Dyson bombed as the Rangers closer last season before landing on both feet in San Francisco. His results with the Giants weren't very inspiring despite recording 14 saves. A 4.03 ERA, 6.39 K/9, and 4.26 BB/9 qualified him as the worst closer in the league. His main redeeming quality is a 63 percent ground ball rate. He's also featured much better command in past seasons. A rebound is possible for the sinker specialist.

 

I'm not sure how the Giants convinced Tony Watson to sign a three-year, $7 million contract. He'll serve as an alternative backup closer to Dyson. The southpaw lost his closer role with the Pirates – mostly because Felipe Rivero is a monster.

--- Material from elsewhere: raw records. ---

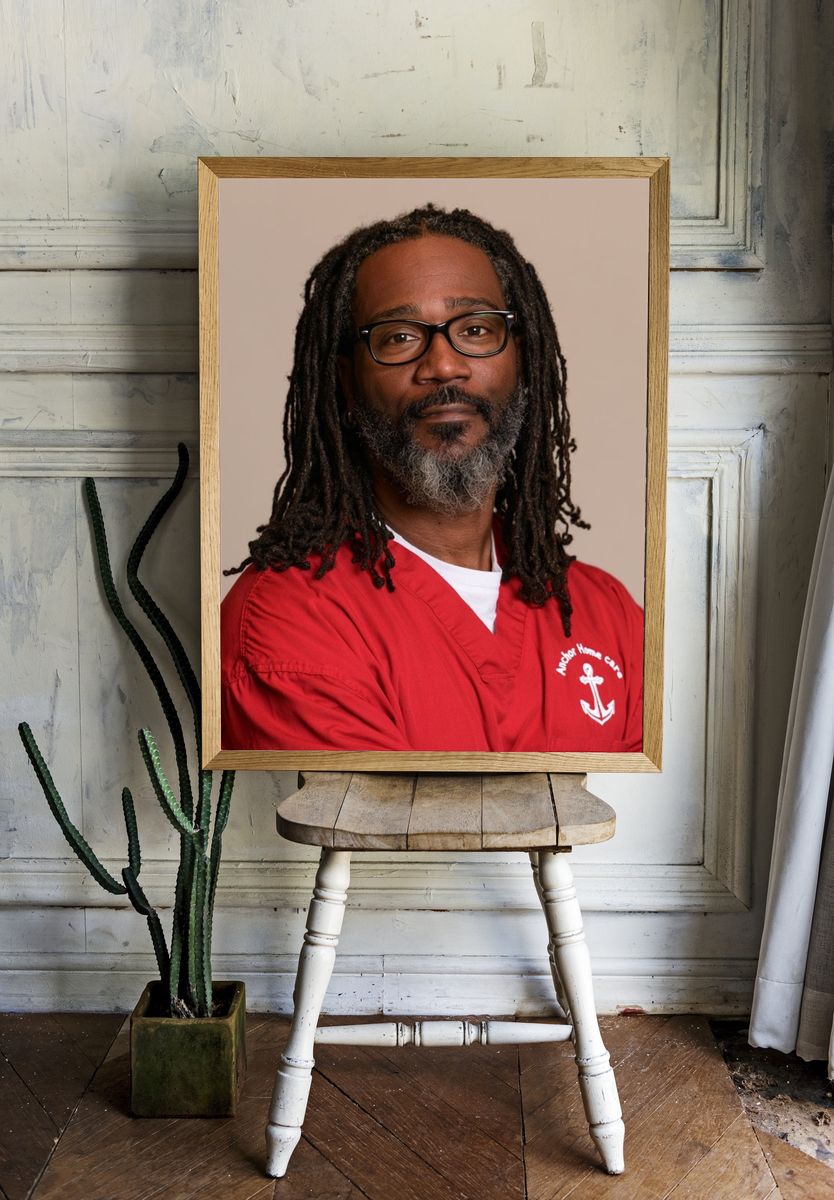 Portrait in Red Scrubs Photography Poster. — room view 1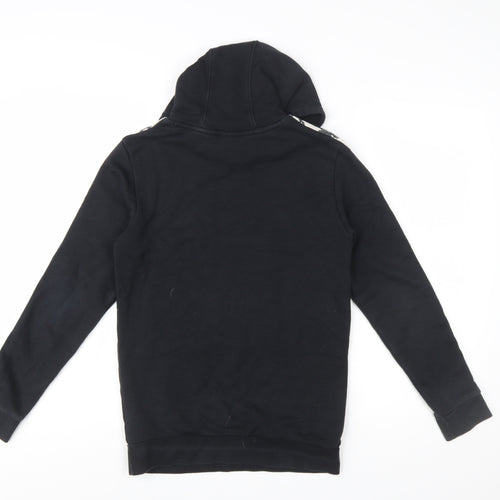 Adidas Boys Black Hoodie 12-13 Years Pullover Graphic Logo Hooded Sweatshirt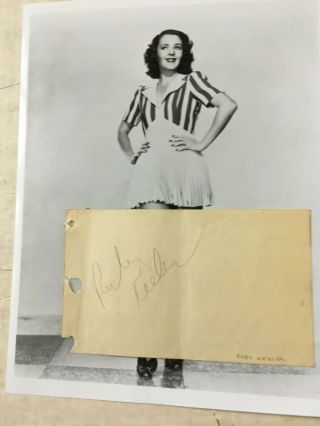 Ruby Keeler Pencil Signature From Autograph Book With 8x10 Photograph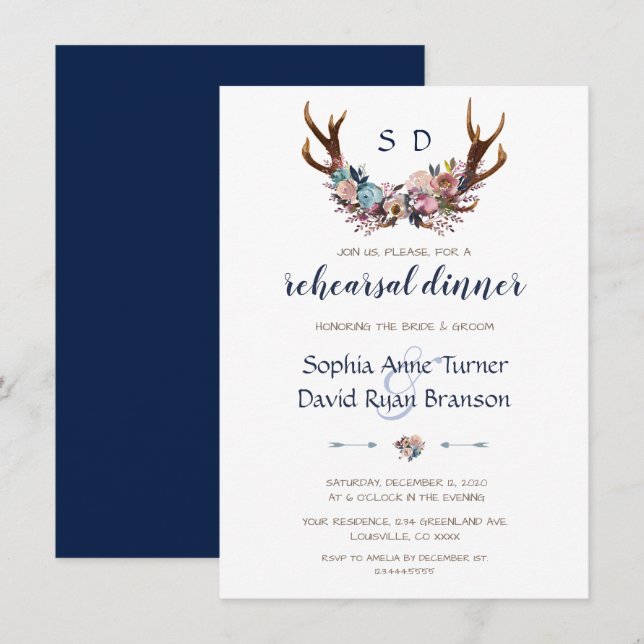Invitation Dîner de répétition | Antlers Dusty Blue Rose Flor (Devant / Derrière)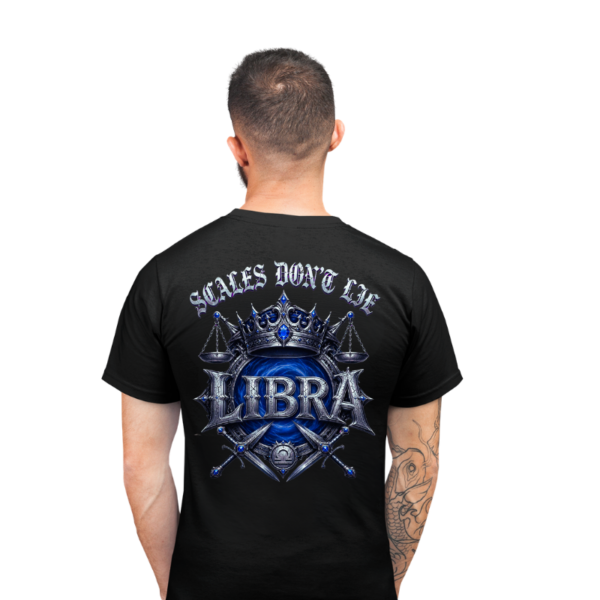 Model wearing Libra Scales Don’t Lie gothic back design streetwear T-shirt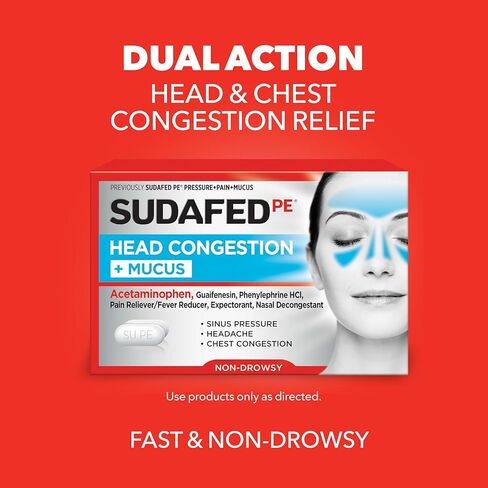 Sudafed PE Head Congestion + أقراص مخاطية لضغط الجيوب الأنفية والألم والازدحام ، 24 CT in Kuwait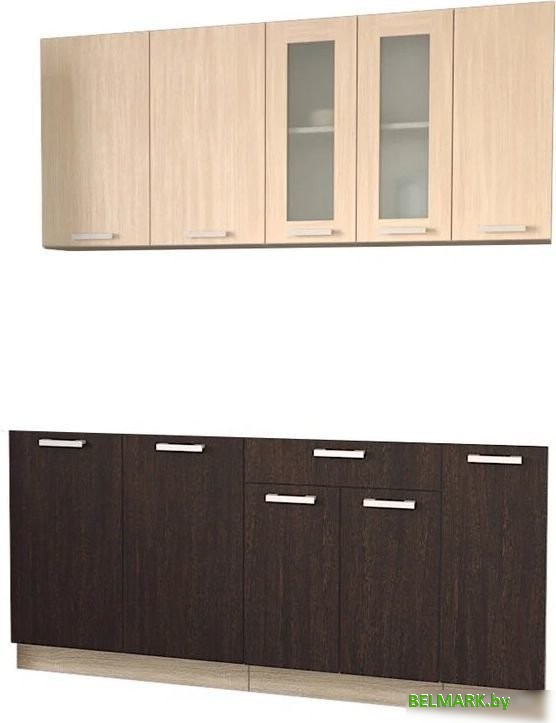 Готовая кухня Интерлиния Мила 17 без столешницы (дуб молочный/дуб венге) - фото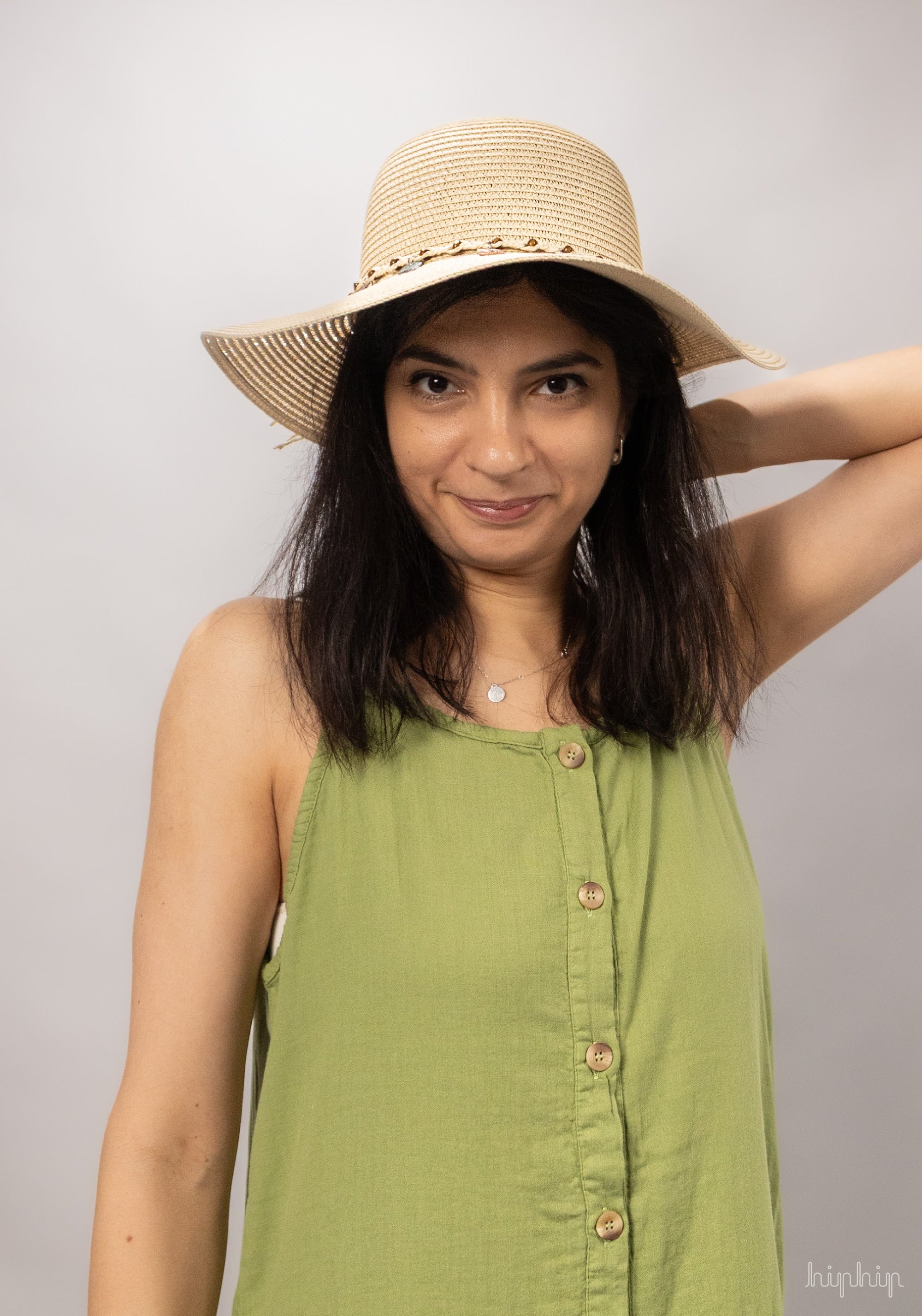 Rochie femei din muselină dublă de bumbac - Celosie Turtle Green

Watson did take a few bad luck losses to open the door for Rivero. The Dodgers tinkered with Watson's pitch usage upon acquiring him at the trade deadline. It'll be interesting to see if he continues using his sinker at a 50 percent rate. He features four above average offerings – the sinker, a four seam fastball, a changeup, and a slider.

 

The rest of this bullpen ought to look pretty familiar to fantasy owners. Unless he recovers some of his lost velocity, we can probably officially give up on Strickland as more than a middle reliever. A lack of quality breaking ball limits his ceiling. He did improve his slider somewhat in 2017. It's not enough to make a difference. He may rack up a healthy total of holds.

 

Osich looks likely to be the lefty specialist. He struggled against both hands last season. Steven Okert is his main competition. Neither are fantasy relevant. Law and Gearrin could figure in the middle innings. Again, no need to worry about them for fantasy purposes. The same is true of Derek Holland. He could snipe a long relief role.